Crítica – Alvo Duplo

Sylvester Stallone assumiu que cinema de ação é a sua praia. Mesmo com 67 anos, ele mais uma vez traz um filme de ação acima da média.

Baseado na pouco conhecida graphic novel Du Plomb Dans La Tête, Alvo Duplo mostra a improvável união entre um matador de aluguel e um policial, que procuram vingança pelos assassinatos de seus respectivos parceiros.

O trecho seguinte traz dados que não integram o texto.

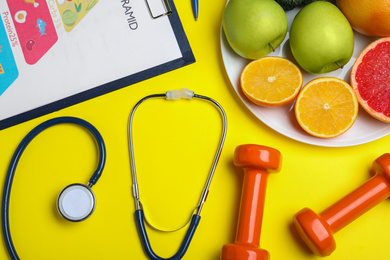 Fruits, dumbbells, stethoscope and list of products on yellow background, flat lay. Visiting nutritionist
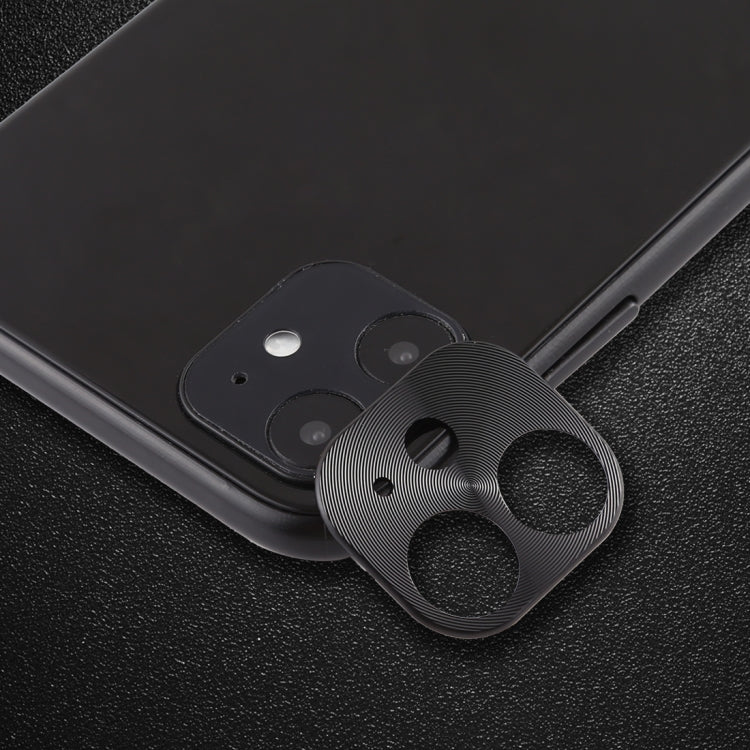 Black rear camera lens protective film on phone back, cardboard-style cutout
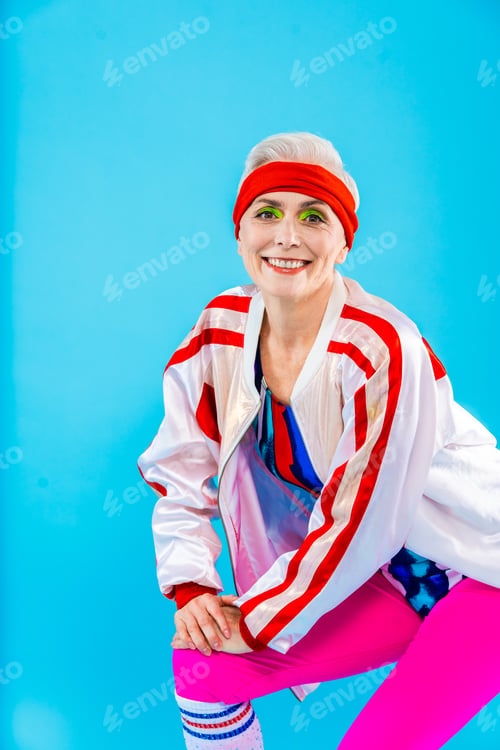 Preview: Happy and funny senior old woman on colorful background
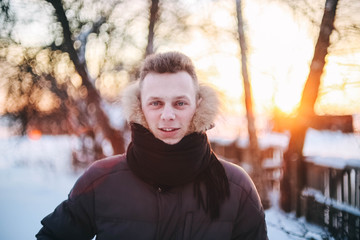 positive smiling man on a frosty morning in the snow amidst a bright winter sun.  jacket with down,...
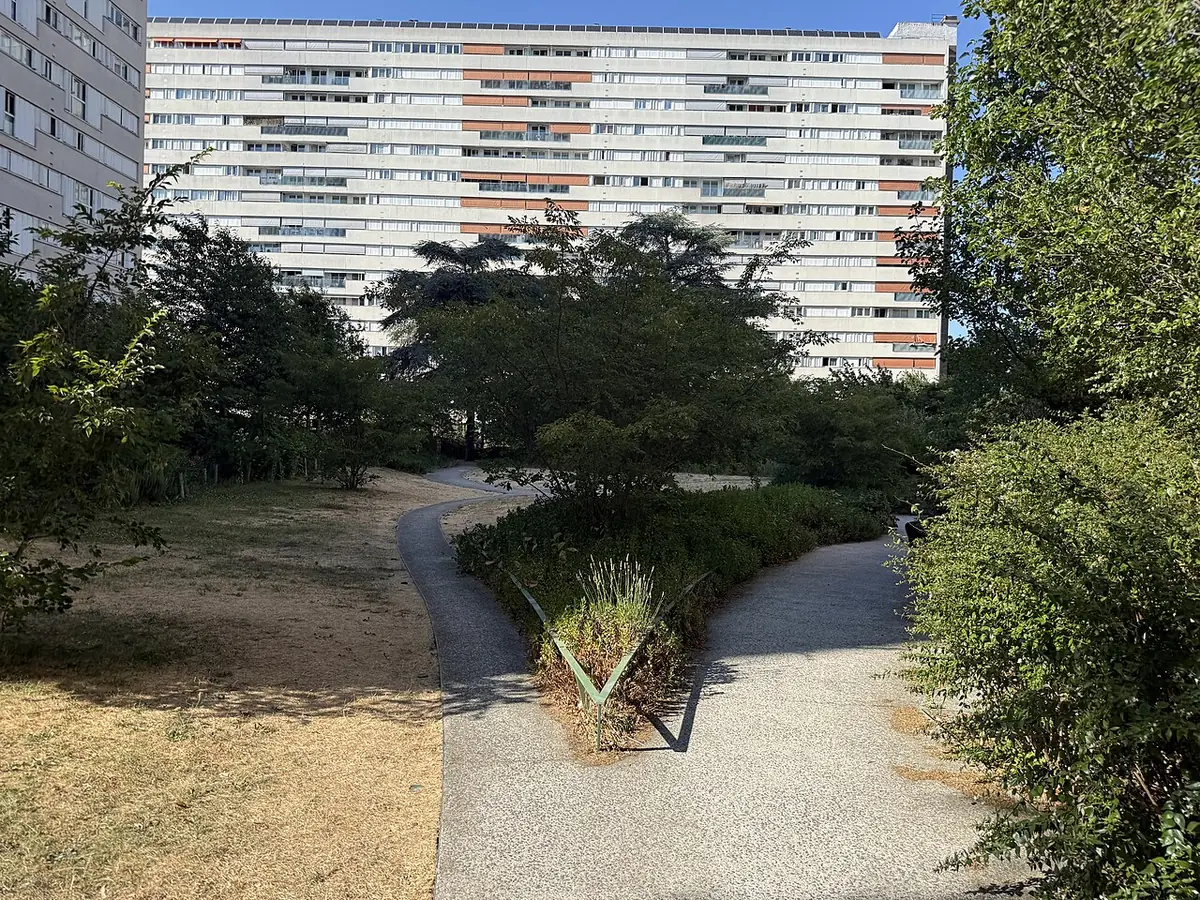 Une allée du square des Périchaux, avec un immeuble moderne en arrière-plan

Acho que boa parte do mérito de Alvo Duplo está na experiência de seu diretor, o veterano Walter Hill, o mesmo de 48 Horas, Ruas de Fogo e Warriors – Os Selvagens da Noite. Aos 71 anos, Hill mostra boa forma em detalhes do seu filme – logo no início, na cena do bar, ele já mostra talento, com as brigas coregrafadas sob música alta. Aliás, é bom falar: as lutas aqui, além de muito violentas, são muito bem filmadas, não tem nada de câmera trêmula estilo Michael Bay – mesmo em momentos mais frenéticos como na boa luta final com os machados.

Agora, se Alvo Duplo tem boas cenas de ação, tem uma falha básica: o roteiro é bem fraco. A trama é previsível e cheia clichês. E os personagens são todos rasos. Nisso, o filme ficou devendo.

Para quem gosta de brincar com referências, deve ser legal ter um Sylvester Stallone para se fazer um filme. Em determinado momento, vemos fotos de várias vezes que seu personagem foi preso, em épocas diferentes – e reconhecemos fotos reais do Stallone daquelas épocas. Outra coisa: seu personagem se chama Jimmy Bonomo e tem uma filha chamada Lisa. E em Oscar – Minha Filha Quer Casar (de 1991), o personagem de Stallone fala que trabalhou para um cara chamado Jimmy Bonomo, e tinha uma filha chamada Lisa. Além disso, Stallone mostra que a não tem problema com a idade. Não só faz piadas sobre isso como ainda mostra excelente forma física. Outra coisa: a “mocinha” é sua filha, mais compatível com a diferença de idade.

Gostei da escolha de seu oponente, Jason Momoa, o Kal Drogho de Game of Thrones e o novo Conan. Momoa não é um grande ator (talvez um “ator grande” – tá dá tschhh!), mas funciona perfeitamente para o que o papel pede. E ainda temos Sarah Shahi (The L Word) em cenas de nudez gratuita! Ainda no elenco, Christian Slater, Sung Kang, Adewale Akinnuoye-Agbaje e Jon Seda.

Por fim queria mais uma vez falar do título nacional. A tradução original seria “bala na cabeça”, título já usado em outro filme de ação, logo um dos melhores da fase chinesa de John Woo. Ora, então vamos traduzir para outro nome? Que tal “alvo duplo”? Mas será que ninguém se tocou que este era o título de outro filme de ação da fase chinesa de John Woo?

Enfim, recomendado para os que se divertem com filmes de ação, mesmo se seus roteiros sejam um pouco rasos.